(EXERCISE BRIEF) Go through the listing below and retype exactly the lines starting at the one with "DI_20080719_Belmont_Giordanos_pizza.jpg" and ending at the one with "WMK I Versand", skipping pictures.

(AVAILABLE RECORDS)
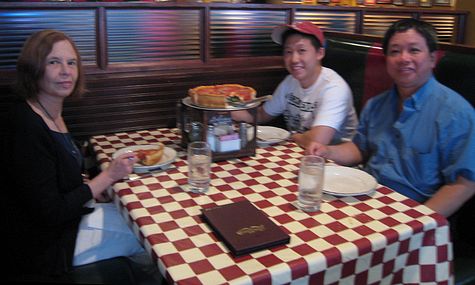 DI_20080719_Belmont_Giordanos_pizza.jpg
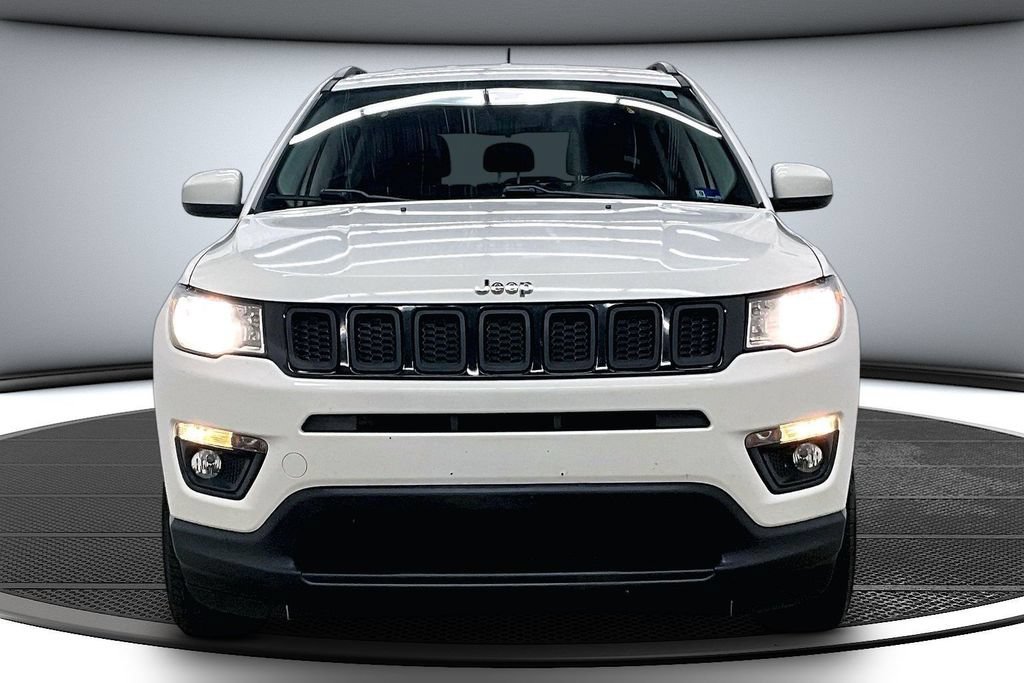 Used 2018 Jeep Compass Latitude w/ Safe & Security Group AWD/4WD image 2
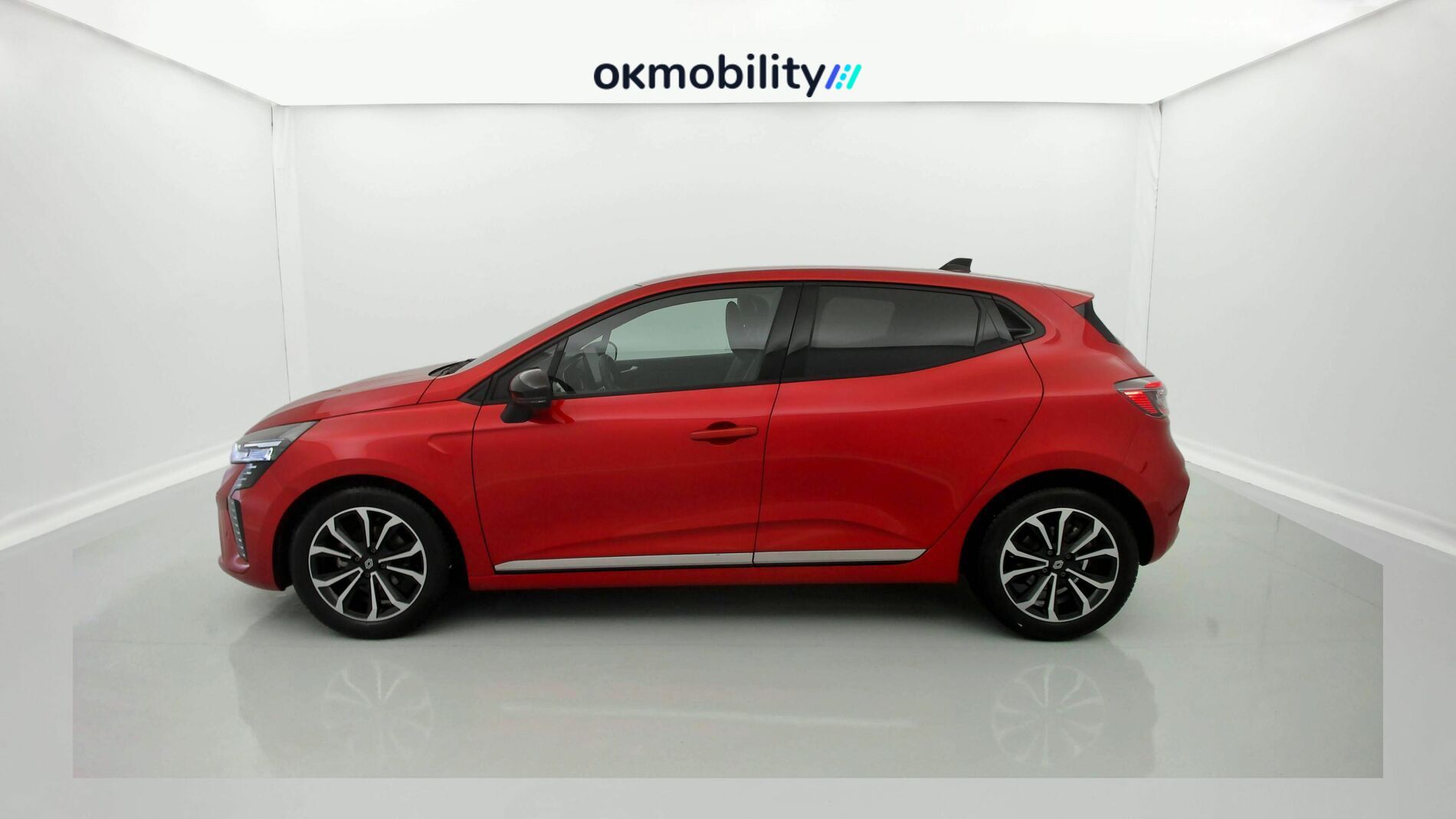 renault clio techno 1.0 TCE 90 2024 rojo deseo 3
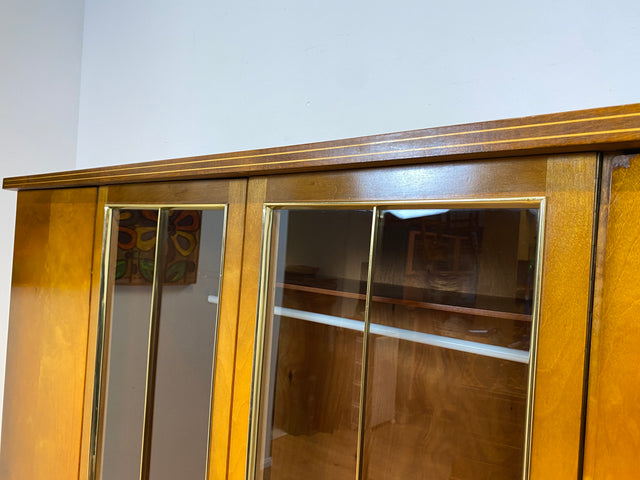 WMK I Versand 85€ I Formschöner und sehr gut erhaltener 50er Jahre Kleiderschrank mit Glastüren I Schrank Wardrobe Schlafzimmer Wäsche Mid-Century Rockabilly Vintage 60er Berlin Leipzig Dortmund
---
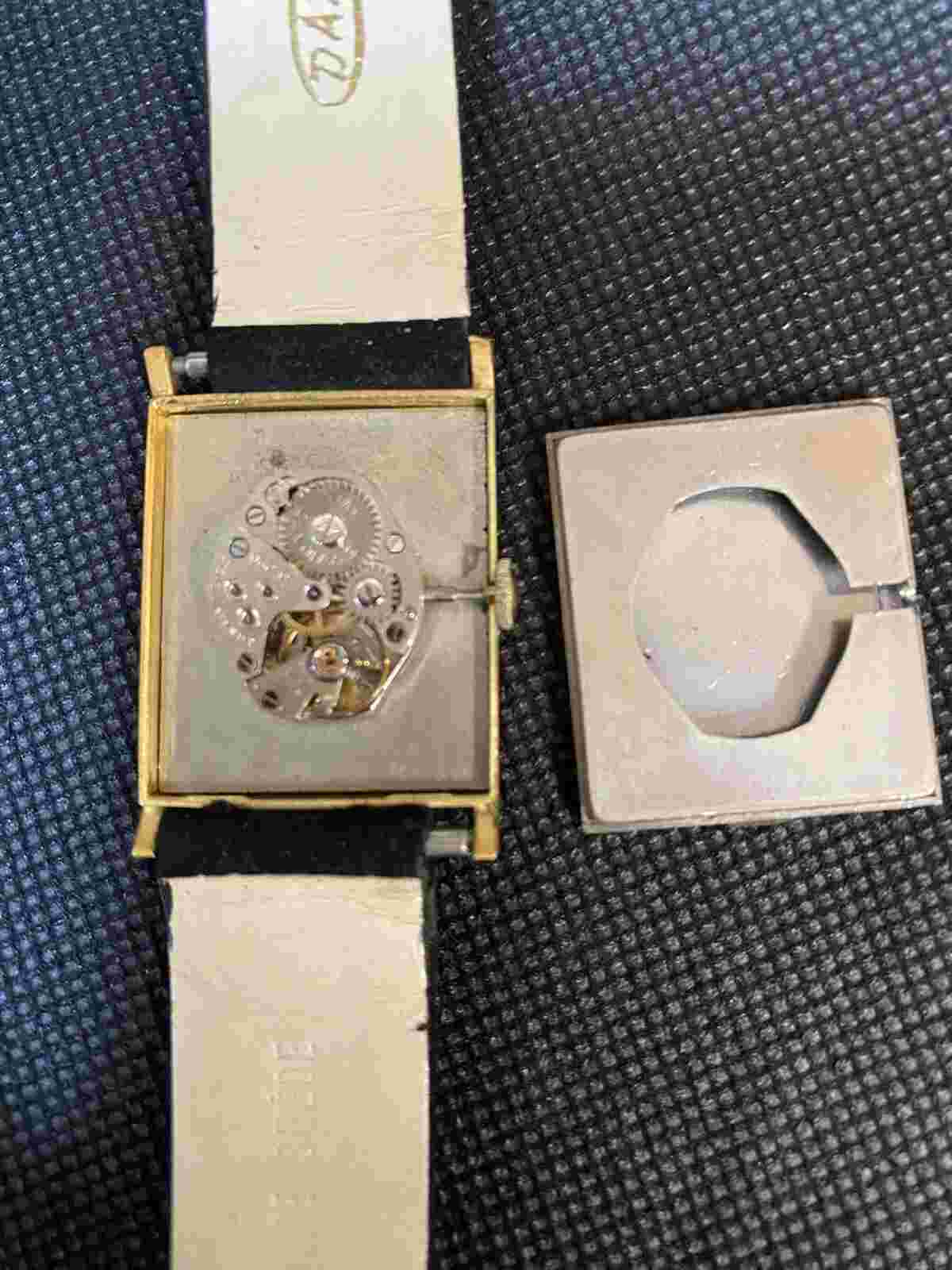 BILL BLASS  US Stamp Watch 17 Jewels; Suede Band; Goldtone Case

(FINISHED EXERCISE)
 DI_20080719_Belmont_Giordanos_pizza.jpg
 Used 2018 Jeep Compass Latitude w/ Safe & Security Group AWD/4WD image 2
 renault clio techno 1.0 TCE 90 2024 rojo deseo 3
 WMK I Versand 85€ I Formschöner und sehr gut erhaltener 50er Jahre Kleiderschrank mit Glastüren I Schrank Wardrobe Schlafzimmer Wäsche Mid-Century Rockabilly Vintage 60er Berlin Leipzig Dortmund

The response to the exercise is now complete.